**WORK TO BE COMPLETED:**
The task requires repeating, word for word, the lines from the one with "مديرة المركز الثقافي" through the end of the material, leaving out all pictures.
DATA PROVIDED section start
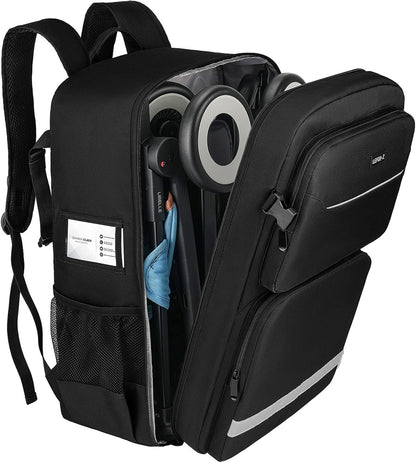 Stroller Travel Bag Compatible with Gb Pockit(13.8 × 8.7 ×20.5inch)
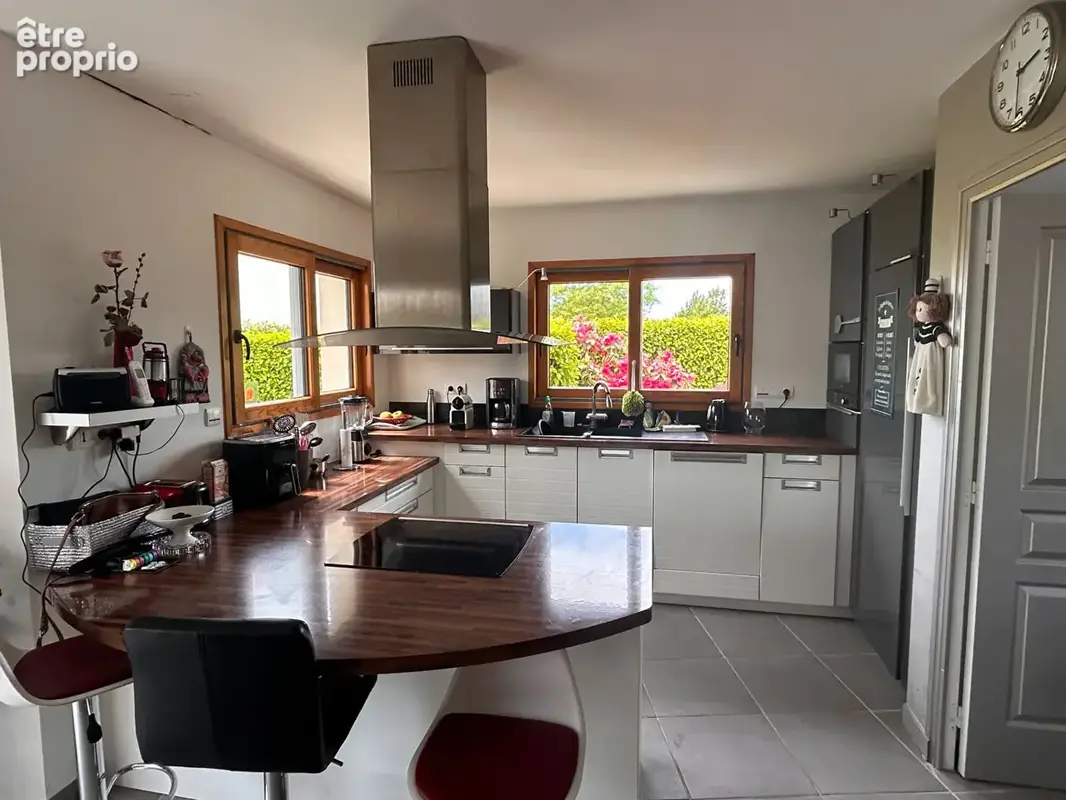 Maison Guiler Sur Goyen 6 pièces 136 m2 - photo 3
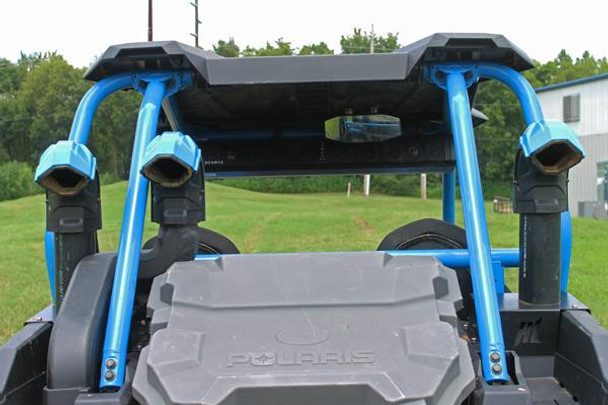 High Lifter Polaris RZR XP 1000 HL Edition Riser Snorkel 71-11007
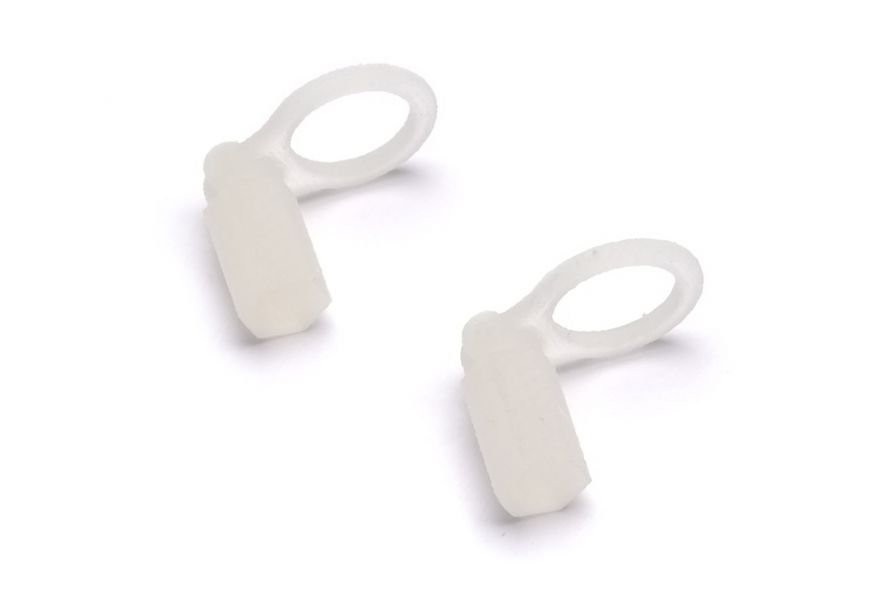 Rings x2 Gazelle 1:5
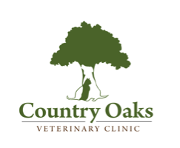 Country Oaks Veterinary Clinic Logo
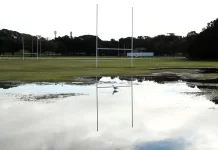 Sustainability landmark report examines future climate change impacts on rugby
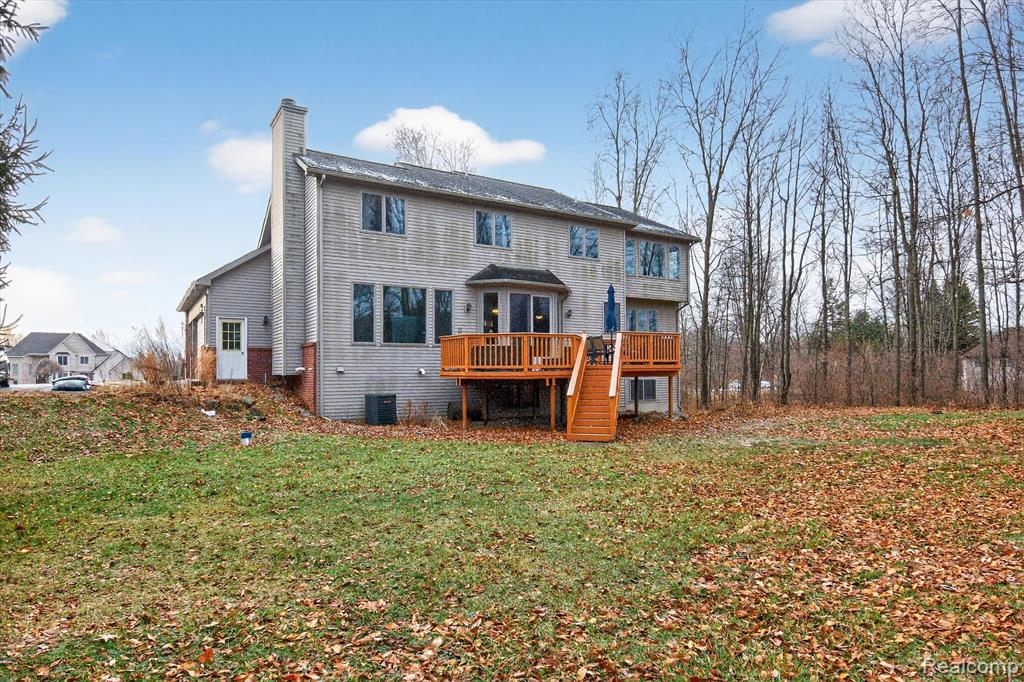 3530 Kipling Circle Howell, MI 48843 - Photo 40 of 46 Gallery Image 40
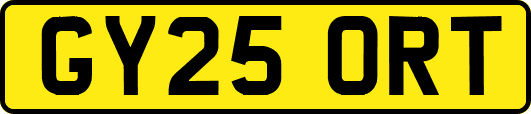 GY25ORT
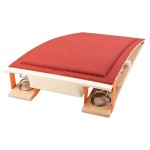 TRAMPOLIM REUTHER TOPGIM PERFORMANCE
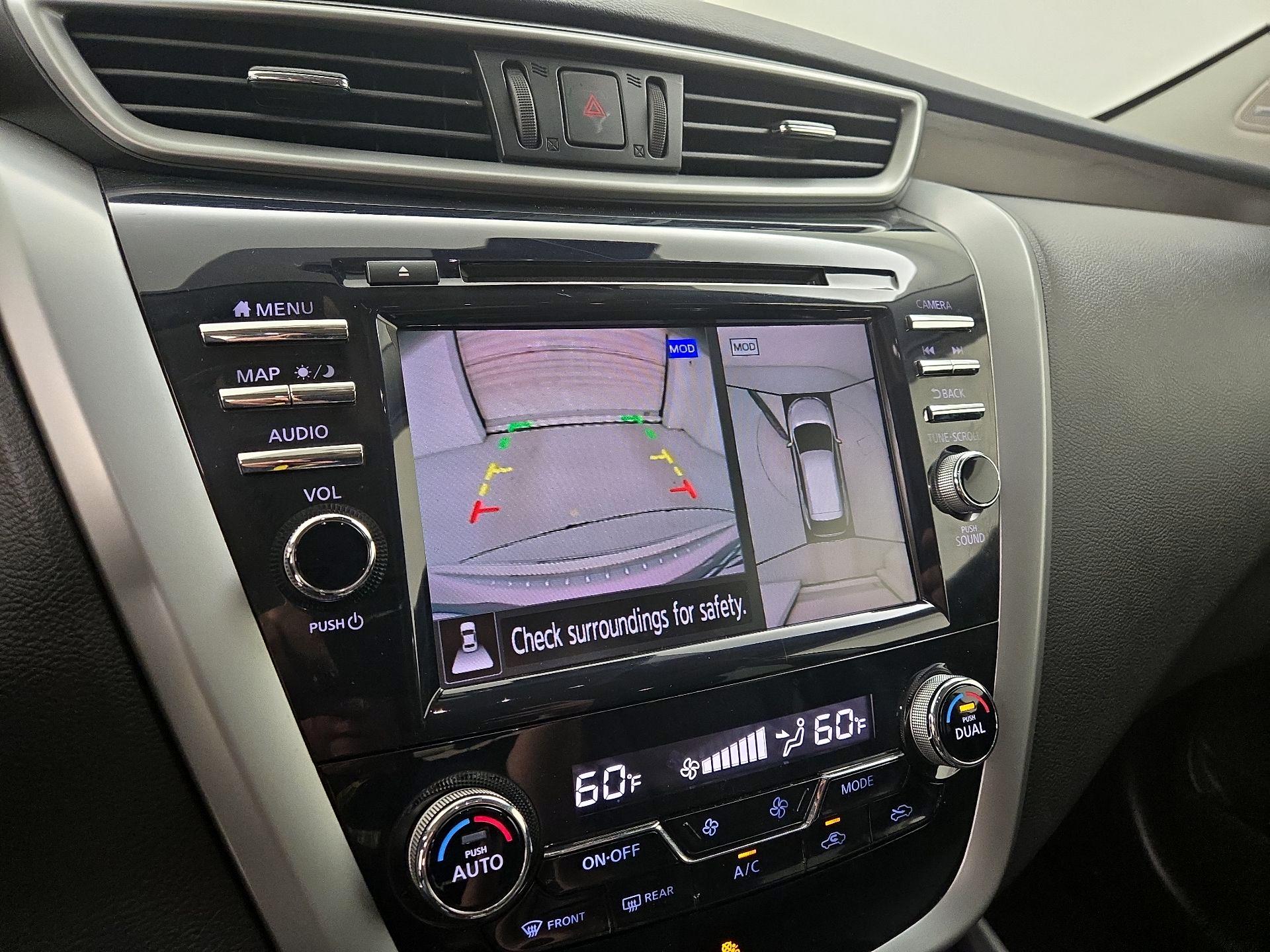 Thumbnail: 2019 Nissan Murano - 15
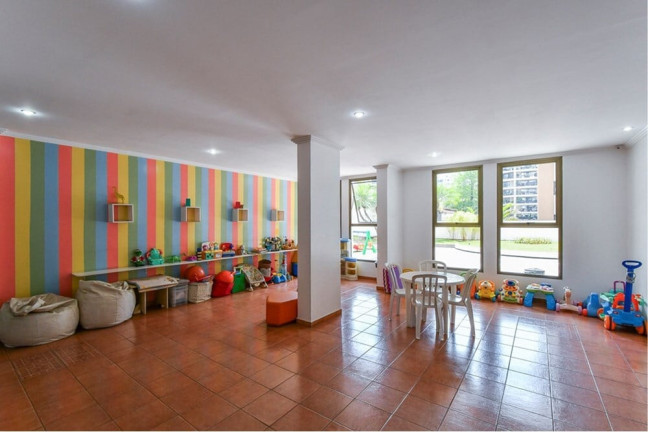 Imagem Apartamento com 4 Quartos à Venda, 152 m² em Real Parque - São Paulo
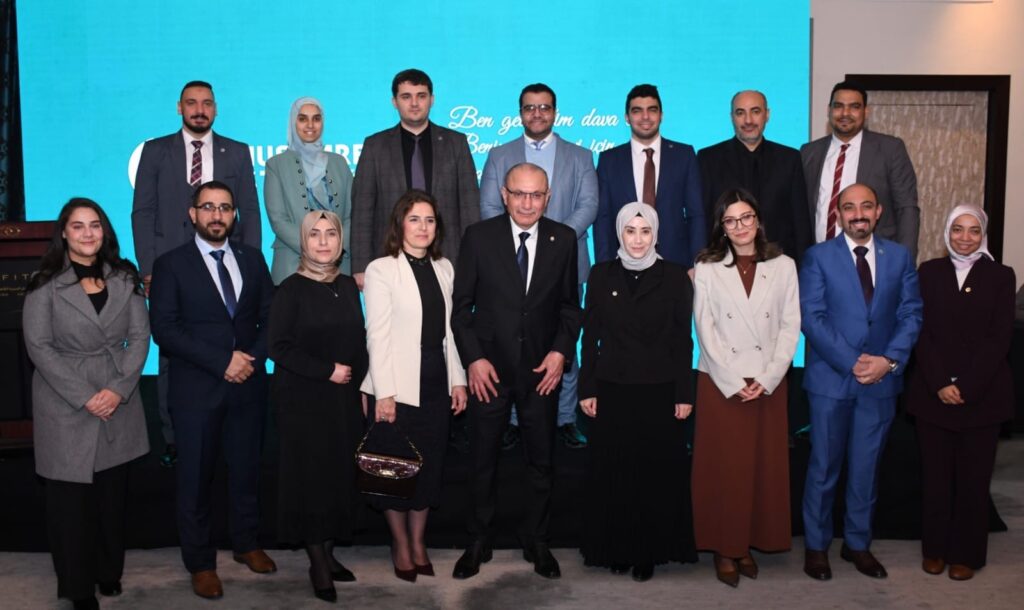 مديرة المركز الثقافي التركي: ما أحوجنا اليوم إلى يونس أمره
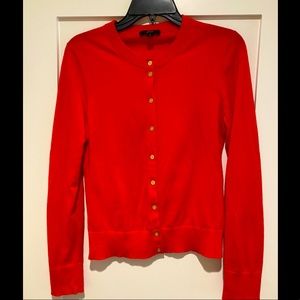 J. Crew Cardigan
DATA PROVIDED section end
**RESULT:**
 مديرة المركز الثقافي التركي: ما أحوجنا اليوم إلى يونس أمره
 J. Crew Cardigan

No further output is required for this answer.